# Larry's Performance RC's



## Mark Adams (Oct 23, 2002)

*Does anyone know if Larry's is open on December 26th and are they racing?*


----------



## Xpressman (Dec 6, 2001)

Yes and no.


----------



## Ted Flack (Sep 26, 2001)

MArk,


The store hours are 11:00am to 4:00 pm. The track will be open for practice, I guess.

Ted


----------



## Greg Anthony (Sep 10, 2002)

Too bad there is no where to race tomorrow!


----------



## Mark Adams (Oct 23, 2002)

Thanks Guys!


----------



## Ted Flack (Sep 26, 2001)

All right, I can't stand it anymore.

I have got to brag a little ( from RC Tech):

"It was down to the wire with the top four guys on TQ runs."

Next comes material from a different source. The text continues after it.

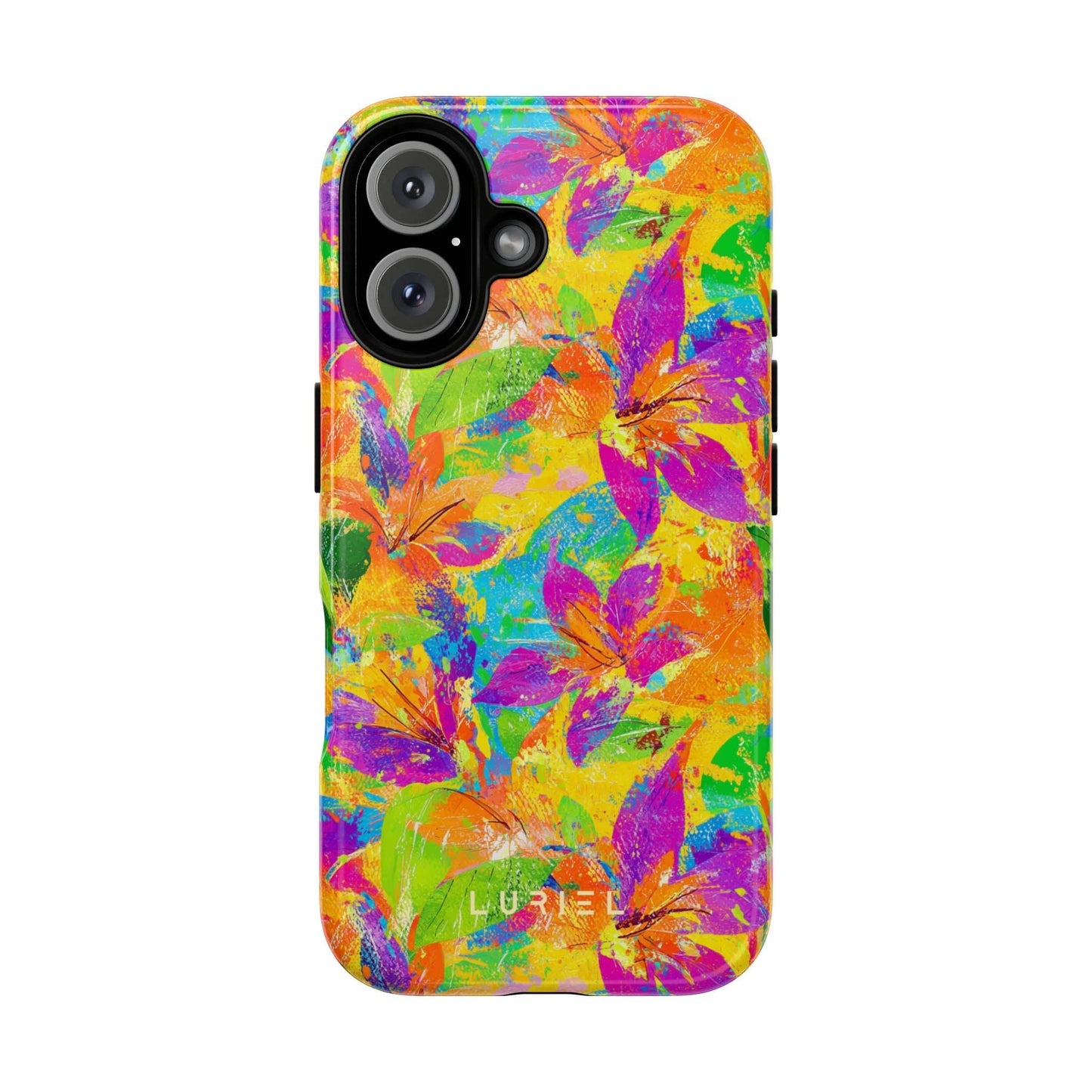 Phone Case iPhone 16 / Glossy Tropical Summer Tough Magsafe Case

The top ten for 19 turn are:

1.Brian Jucha (top TQ)
2.Chris Tosolini
3.Brian Kinwald
4.*Bobby Flack
*5.Walter Henderson
6.Berry Baker
7.Mike Blackstock
8.Mike Dumas
9.Paul LeMieux (Broke during the last run)
10.Ralph Burch


----------



## D. Holcomb (Mar 3, 2002)

Quite a Meechigan connection. Go Bobby.


----------